"Requiring Microsoft to port Office to the Linux operating system would be a rather novel application of antitrust"
That isn't a likely or intended outcome. As the article states, the Chinese government tried and failed to introduce their own OS (Red Flag Linux), and due to that failure still have hundreds of millions of PCs running either pirated or legit copies of XP. With XP no longer supported, Redmond wanted a lot more for W7 licences, and the Chinese saw no reason to pay the higher price, or the ransom for extended XP support. The Chinese government already have the option of migrating to any one of a number of vanilla Linux distros and Open Office for next to nothing, but that's not what they want.
The purpose of this investigation is simply to put some serious pressure on Redmond to offer much better terms for W7, and if they aren't forthcoming to fine Microsoft the difference between what they charge and what Beijing want to pay, as well as to force additional costs on them. The probable outcome of this will be that the Chinese government get a much better deal on W7, the investigation will eventually close with minimal or no fines. The only remarkable thing is that Redmond have tried to hold out against the Chinese government for so long, instead of accepting the inevitable, and looking for what would be the most positive outcome after accepting that China are going to pay them peanuts.
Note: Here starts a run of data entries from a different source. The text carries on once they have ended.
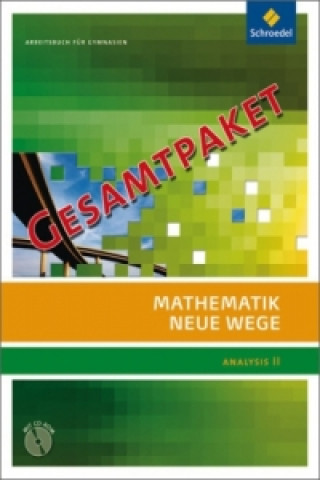 Carte Mathematik Neue Wege SII - allgemeine Ausgabe 2011 Henning Körner
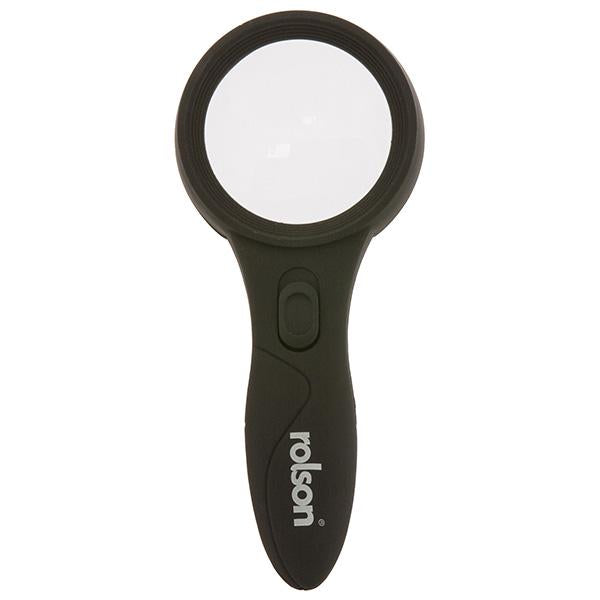 Rolson 6 Mini LED Magnifying Glass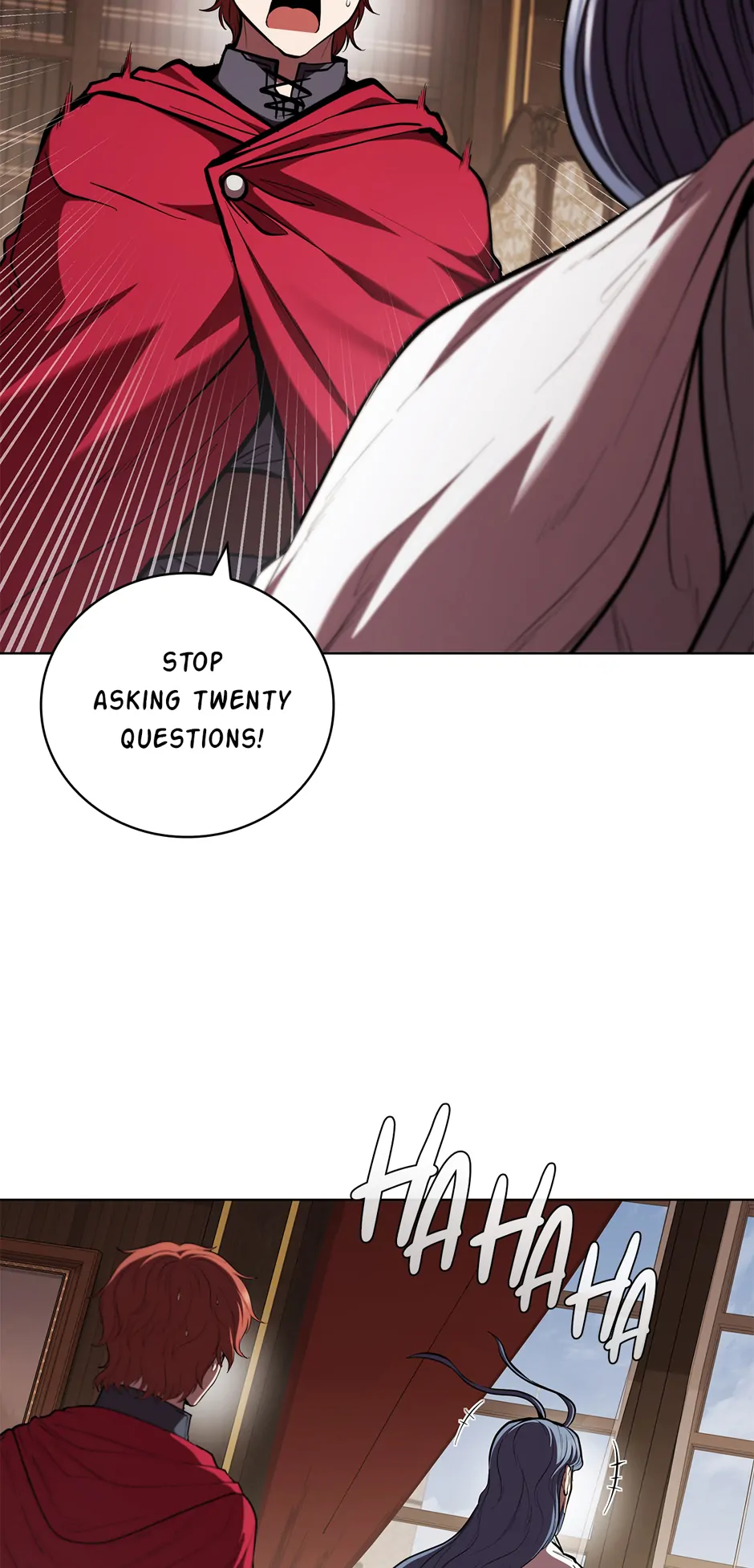I Regressed As The Duke chapter 116 page 13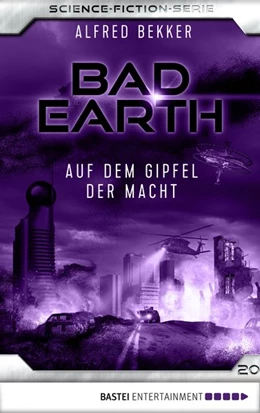 Abbildung von Bekker | Bad Earth 20 - Science-Fiction-Serie | 1. Auflage | 2018 | beck-shop.de
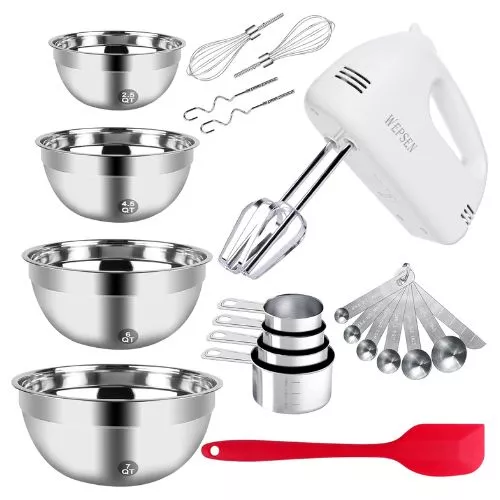 best baking utensils set on Amazon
An example of that would have been to offer China the price they want, but only for the flagging W8, which then gives W8 serious volume and (hopefully for MS) more traction in corporate markets. Instead, Redmond's stance has hardened Beijing's position on W8, meaning that the discussions centre either on the now five years old W7, or at best on having to give away W9. Having to massively discount your next operating system before it is launched would be a staggering strategic blunder for Microsoft, but they do have a history of epic strategic blundering.